TASK DETAILS:
Return the line that has "ORDERS FOR WROUGHT" and all lines below it through the last, exactly as they stand; omit pictures.

SUPPLIED MATERIAL:
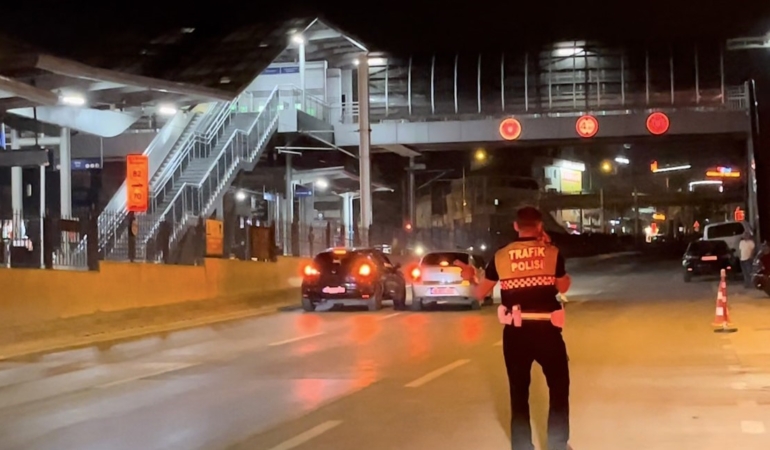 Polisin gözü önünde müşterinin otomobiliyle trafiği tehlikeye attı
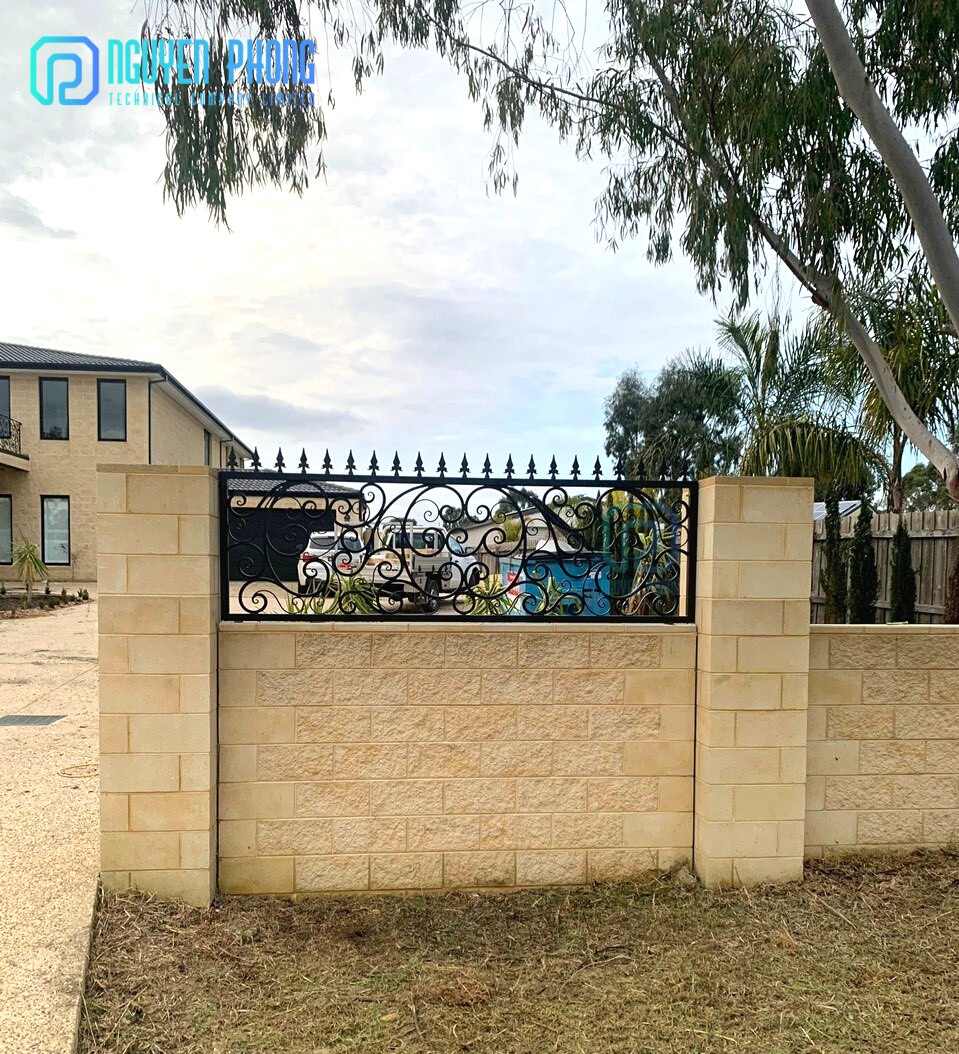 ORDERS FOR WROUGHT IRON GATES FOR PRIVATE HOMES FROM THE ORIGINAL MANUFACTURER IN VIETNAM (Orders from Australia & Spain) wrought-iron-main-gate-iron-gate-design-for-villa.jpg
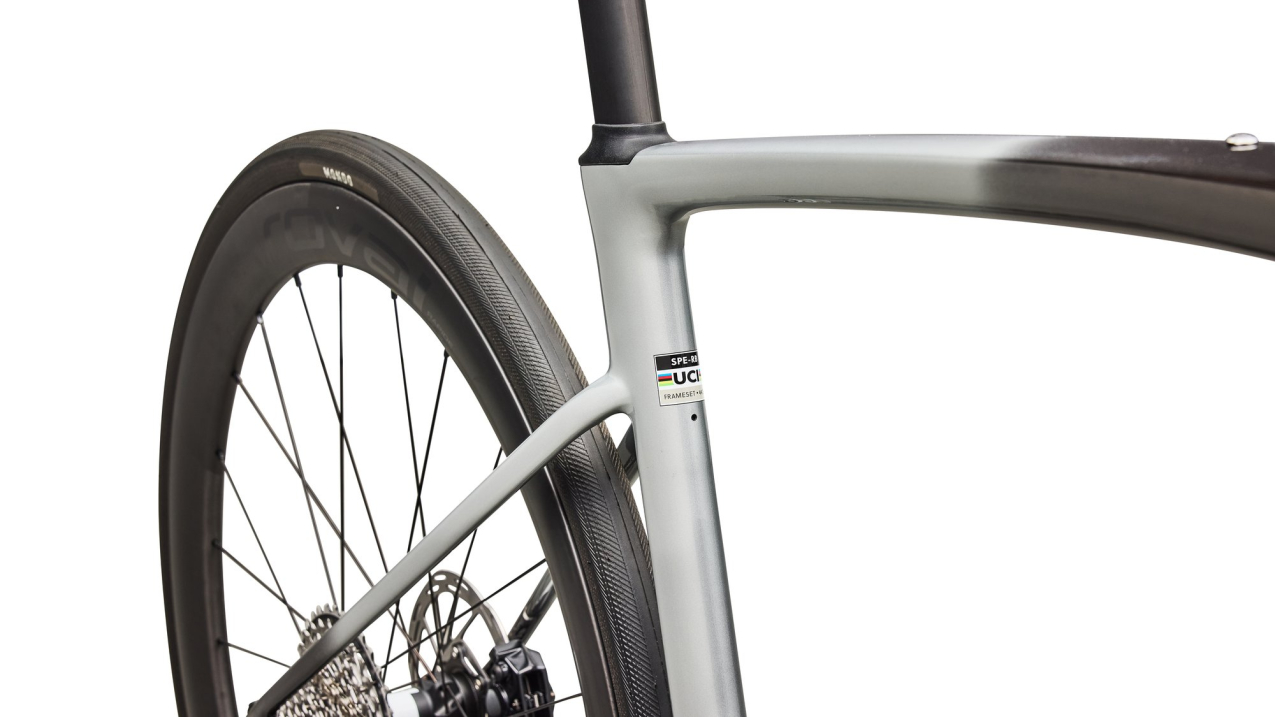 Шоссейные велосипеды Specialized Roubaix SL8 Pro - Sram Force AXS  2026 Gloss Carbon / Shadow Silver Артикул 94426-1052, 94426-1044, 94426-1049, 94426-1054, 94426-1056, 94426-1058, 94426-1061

ANSWER TO THE EXERCISE:
 ORDERS FOR WROUGHT IRON GATES FOR PRIVATE HOMES FROM THE ORIGINAL MANUFACTURER IN VIETNAM (Orders from Australia & Spain) wrought-iron-main-gate-iron-gate-design-for-villa.jpg
 Шоссейные велосипеды Specialized Roubaix SL8 Pro - Sram Force AXS  2026 Gloss Carbon / Shadow Silver Артикул 94426-1052, 94426-1044, 94426-1049, 94426-1054, 94426-1056, 94426-1058, 94426-1061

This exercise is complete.